"""Solver of 2nd, 3rd and 4th order force constants simultaneously."""

from __future__ import annotations

import time
from collections.abc import Sequence
from typing import Literal, Optional, Union, cast

import numpy as np
from scipy.sparse import csr_array

from symfc.basis_sets import FCBasisSetO2, FCBasisSetO3, FCBasisSetO4
from symfc.solvers.solver_O2 import reshape_nN33_nx_to_N3_n3nx
from symfc.solvers.solver_O2O3 import reshape_nNN333_nx_to_N3N3_n3nx, set_disps_N3N3
from symfc.utils.matrix import block_matrix_sandwich
from symfc.utils.solver_funcs import get_batch_slice, solve_linear_equation

try:
    from symfc.utils.matrix import dot_product_sparse
except ImportError:
    pass

from .solver_base import FCSolverBase


class FCSolverO2O3O4(FCSolverBase):
    """Simultaneous second, third and fourth order force constants solver."""

    def __init__(
        self,
        basis_set: Sequence[Union[FCBasisSetO2, FCBasisSetO3, FCBasisSetO4]],
        use_mkl: bool = False,
        log_level: int = 0,
    ):
        """Init method.

        Parameters
        ----------
        basis_set : Sequence of (FCBasisSetO2, FCBasisSetO3, FCBasisSetO4)
            First element must be FCBasisSetO2, second must be FCBasisSetO3,
            and third must be FCBasisSetO4.
        use_mkl : bool, optional
            Use MKL if True. Default is False.
        log_level : int, optional
            Logging level. Default is 0.

        """
        if len(basis_set) != 3:
            raise ValueError("basis_set must contain exactly 3 elements")
        if not isinstance(basis_set[0], FCBasisSetO2):
            raise TypeError("First element must be FCBasisSetO2")
        if not isinstance(basis_set[1], FCBasisSetO3):
            raise TypeError("Second element must be FCBasisSetO3")
        if not isinstance(basis_set[2], FCBasisSetO4):
            raise TypeError("Third element must be FCBasisSetO4")
        self._basis_set: Sequence[Union[FCBasisSetO2, FCBasisSetO3, FCBasisSetO4]]
        super().__init__(basis_set, use_mkl=use_mkl, log_level=log_level)

    def solve(
        self,
        displacements: np.ndarray,
        forces: np.ndarray,
        batch_size: int = 36,
    ) -> FCSolverO2O3O4:
        """Solve force constants.

        Note
        ----
        self._coefs = (coefs_fc2, coefs_fc3, coefs_fc4)

        Parameters
        ----------
        displacements : ndarray
            Displacements of atoms in Cartesian coordinates. shape=(n_snapshot,
            N, 3), dtype='double'
        forces : ndarray
            Forces of atoms in Cartesian coordinates. shape=(n_snapshot, N, 3),
            dtype='double'

        Returns
        -------
        ndarray
            Force constants. shape=(n_a, N, N, N, 3, 3, 3, 3). See
            `is_compact_fc` parameter. dtype='double', order='C'

        """
        n_data = forces.shape[0]
        f = forces.reshape(n_data, -1)
        d = displacements.reshape(n_data, -1)

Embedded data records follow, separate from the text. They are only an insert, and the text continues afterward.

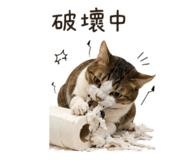 873848775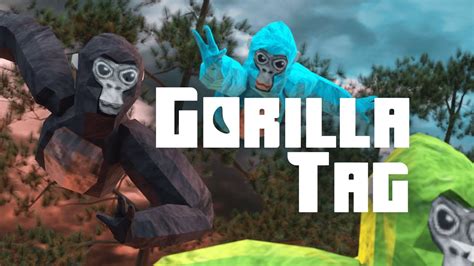 gorilla tag hentai|Every old Gorilla Tag version v1.0.1 and below.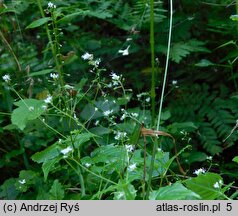 Circaea alpina (czartawa drobna)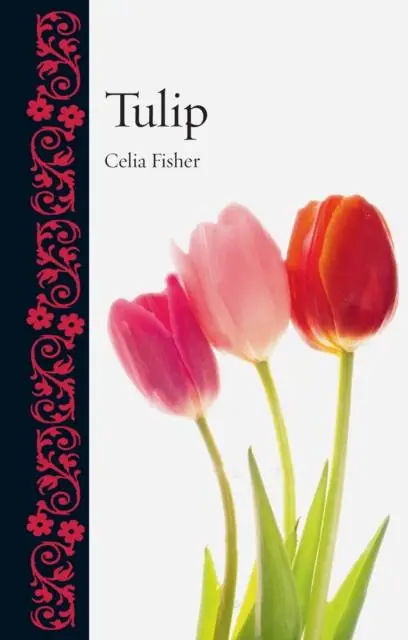Tulip Tijdelijk Beschikbaar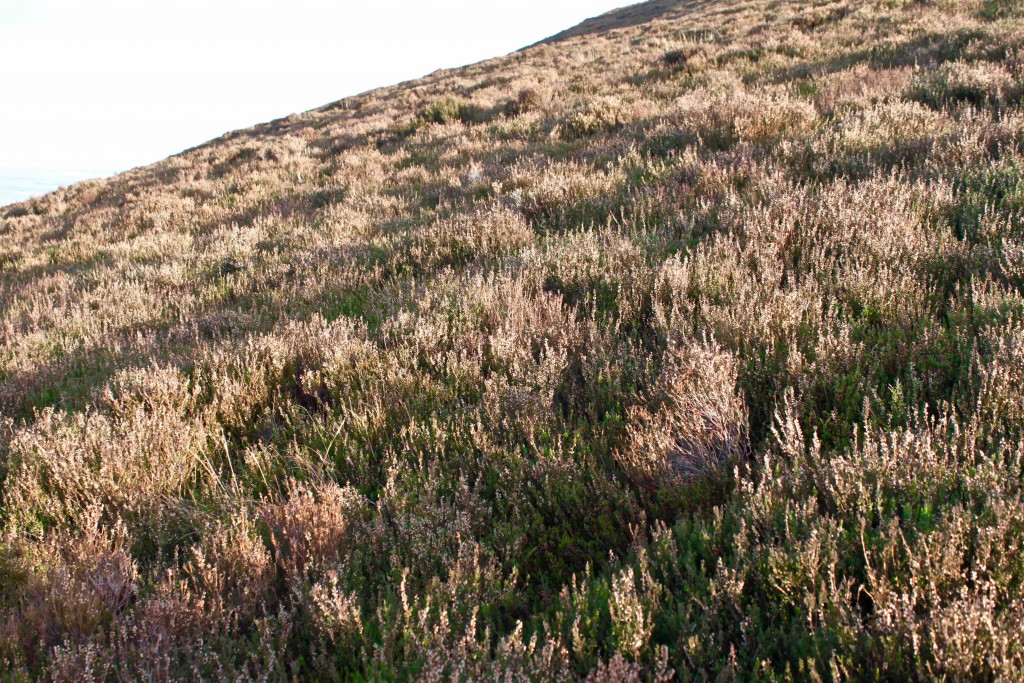 hillside cut heather_lores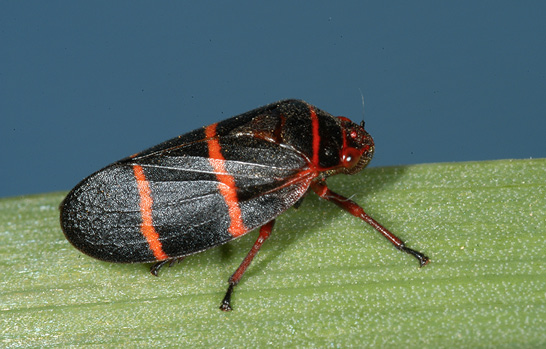 Close-up of a single spittlebug resting on a grass blade.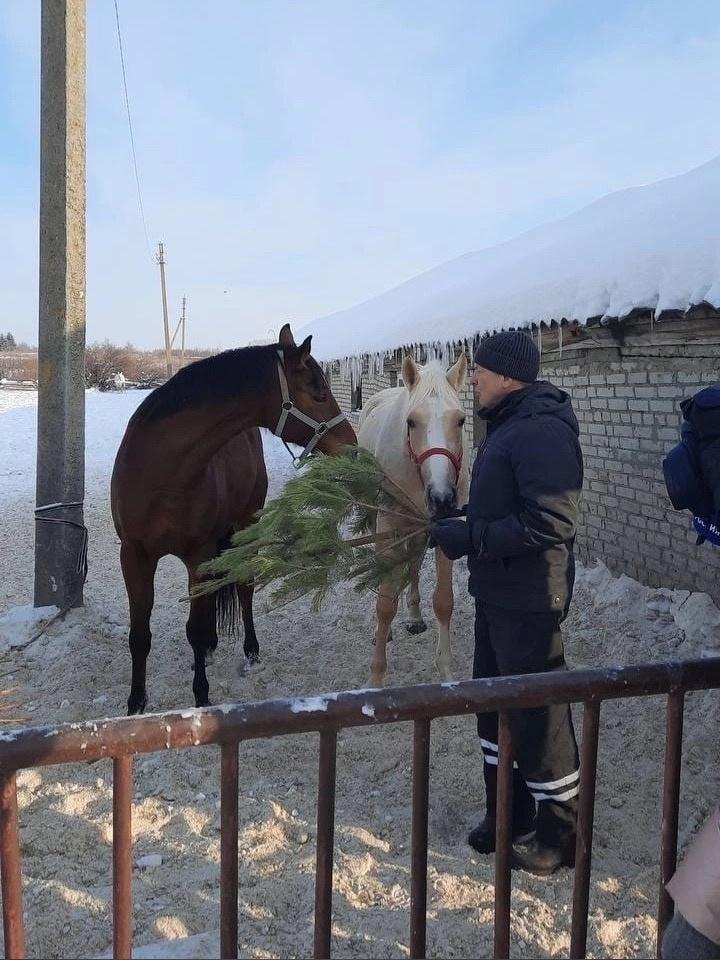 В Пензенской области жители могут пустить новогодние елки на доброе дело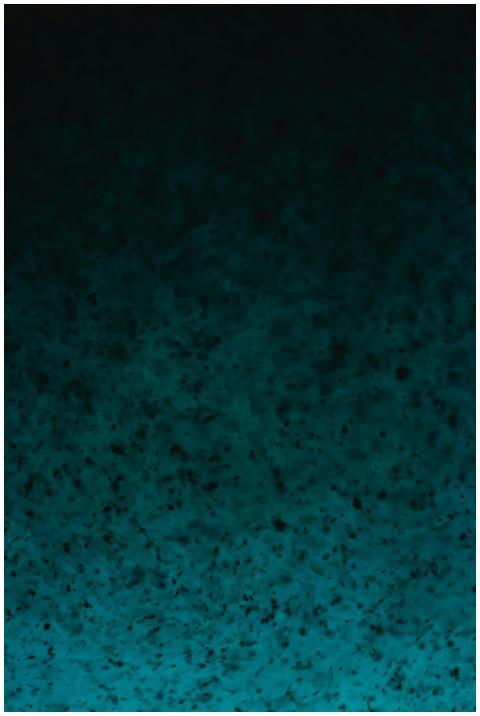 Dark blue textured surface with a subtle gradient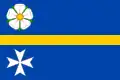 Flag of Hlinka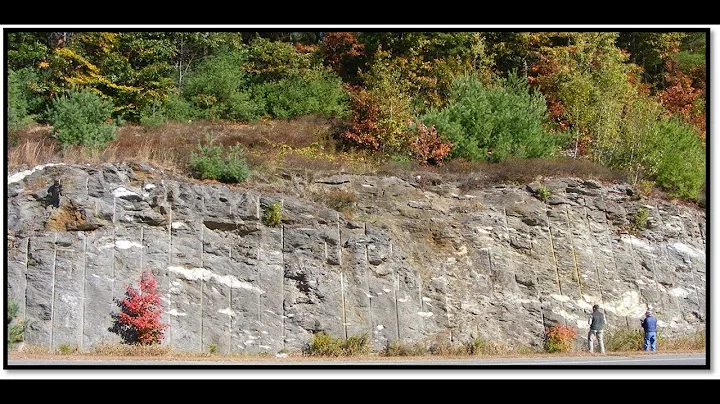 Irving Greenfield Photo 7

        fc2_basis: FCBasisSetO2 = cast(FCBasisSetO2, self._basis_set[0])
        fc3_basis: FCBasisSetO3 = cast(FCBasisSetO3, self._basis_set[1])
        fc4_basis: FCBasisSetO4 = cast(FCBasisSetO4, self._basis_set[2])
        compress_mat_fc2 = fc2_basis.compact_compression_matrix
        basis_set_fc2 = fc2_basis.blocked_basis_set
        compress_mat_fc3 = fc3_basis.compact_compression_matrix
        basis_set_fc3 = fc3_basis.blocked_basis_set
        compress_mat_fc4 = fc4_basis.compact_compression_matrix
        basis_set_fc4 = fc4_basis.blocked_basis_set

        atomic_decompr_idx_fc2 = fc2_basis.atomic_decompr_idx
        atomic_decompr_idx_fc3 = fc3_basis.atomic_decompr_idx
        atomic_decompr_idx_fc4 = fc4_basis.atomic_decompr_idx

        self._coefs = run_solver_O2O3O4(
            d,
            f,
            compress_mat_fc2,
            compress_mat_fc3,
            compress_mat_fc4,
            basis_set_fc2,
            basis_set_fc3,
            basis_set_fc4,
            atomic_decompr_idx_fc2,
            atomic_decompr_idx_fc3,
            atomic_decompr_idx_fc4,
            batch_size=batch_size,
            use_mkl=self._use_mkl,
            verbose=self._log_level > 0,
        )
        return self

    @property
    def full_fc(self) -> Optional[tuple[np.ndarray, np.ndarray, np.ndarray]]:
        """Return full force constants.

        Returns
        -------
        tuple[np.ndarray, np.ndarray, np.ndarray]
            shape=(N, N, 3, 3), dtype='double', order='C'
            shape=(N, N, N, 3, 3, 3), dtype='double', order='C'
            shape=(N, N, N, N, 3, 3, 3, 3), dtype='double', order='C'

        """
        return self._recover_fcs("full")

    @property
    def compact_fc(self) -> Optional[tuple[np.ndarray, np.ndarray, np.ndarray]]:
        """Return full force constants.

        Returns
        -------
        tuple[np.ndarray, np.ndarray, np.ndarray]
            shape=(n_a, N, 3, 3), dtype='double', order='C'
            shape=(n_a, N, N, 3, 3, 3), dtype='double', order='C'
            shape=(n_a, N, N, N, 3, 3, 3, 3), dtype='double', order='C'

        """
        return self._recover_fcs("compact")

    def _recover_fcs(
        self, comp_mat_type: Literal["full", "compact"]
    ) -> Optional[tuple[np.ndarray, np.ndarray, np.ndarray]]:
        if self._coefs is None:
            return None

        fc2_basis: FCBasisSetO2 = cast(FCBasisSetO2, self._basis_set[0])
        fc3_basis: FCBasisSetO3 = cast(FCBasisSetO3, self._basis_set[1])
        fc4_basis: FCBasisSetO4 = cast(FCBasisSetO4, self._basis_set[2])
        if comp_mat_type == "full":
            comp_mat_fc2 = fc2_basis.compression_matrix
            comp_mat_fc3 = fc3_basis.compression_matrix
            comp_mat_fc4 = fc4_basis.compression_matrix
        elif comp_mat_type == "compact":
            comp_mat_fc2 = fc2_basis.compact_compression_matrix
            comp_mat_fc3 = fc3_basis.compact_compression_matrix
            comp_mat_fc4 = fc4_basis.compact_compression_matrix
        else:
            raise ValueError("Invalid comp_mat_type.")

        N = self._natom
        fc2 = fc2_basis.blocked_basis_set.dot(self._coefs[0])
        fc2 = np.array(
            (comp_mat_fc2 @ fc2).reshape((-1, N, 3, 3)), dtype="double", order="C"
        )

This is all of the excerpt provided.